Firms that make good investments share certain characteristics. Firstly, they must have a strong management team with the discipline to execute a realistic strategy for growth and the flexibility to take advantage of rapidly evolving markets in the region. Secondly, management and controlling shareholders must understand the importance of transparency and good corporate governance. While standards have improved over the last ten years, too many Asian businesses still fail to deliver on their basic responsibility to deliver value to their minority shareholders. Avoiding these firms is vital.
Thirdly, winning firms have a sustainable competitive advantage in the form of scale, technology, or first-mover advantage in a new growth sector. Successful firms also need a business model that delivers high returns and strong cash flows that will enable them to fund their growth without constant additional debt or equity capital from investors.

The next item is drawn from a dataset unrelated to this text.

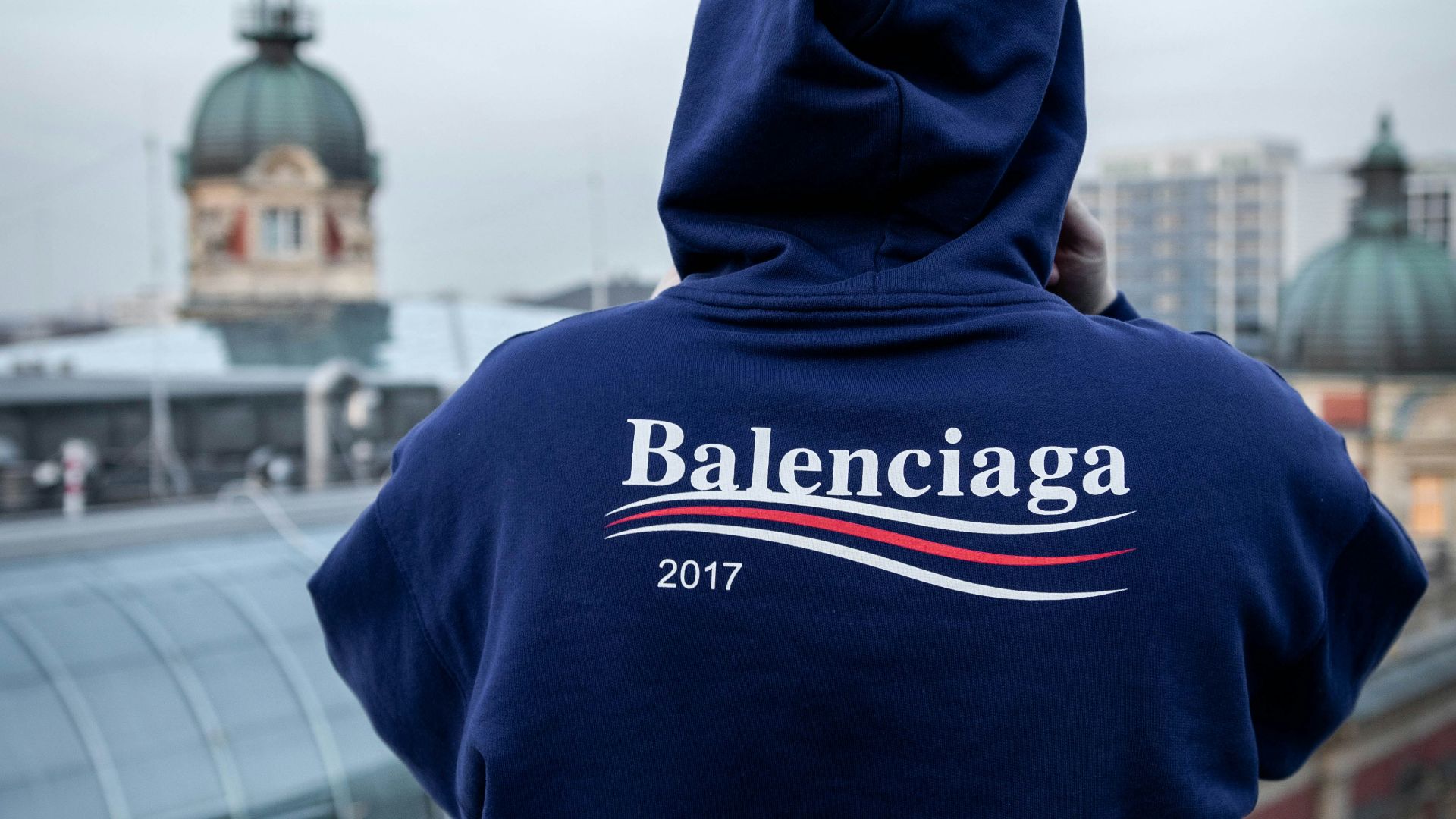blue and white Balenciaga hoodie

Among the largest holdings that are directly accessible to UK investors are Hong Kong-listed luxury goods company Prada (HK: 1913), which is seeing very rapid growth across Asia and emerging markets. The company already makes around 50% of its sales to Asian customers either in Asia or in its stores worldwide. Over the next few years this is likely to rise substantially leading to strong revenue growth and higher margins. A forward price/earnings (p/e) multiple of 17 times is cheap, given earnings growth of 25% plus over the next few years.
American-listed internet search company Baidu (Nasdaq: BIDU) is the Google of China and we expect it to deliver very strong growth over the next five years as internet penetration in China continues to grow and mobile search takes off with the rapid growth of smart phones. The company has more than 70% market share in China and continues to grow at the expense of its weaker rivals. The overall internet search market remains very small as a percentage of GDP compared to the US, but is growing at more than 50% a year. Baidu has delivered high double-digit earnings growth in recent years and we expect this to continue for at least the next three years.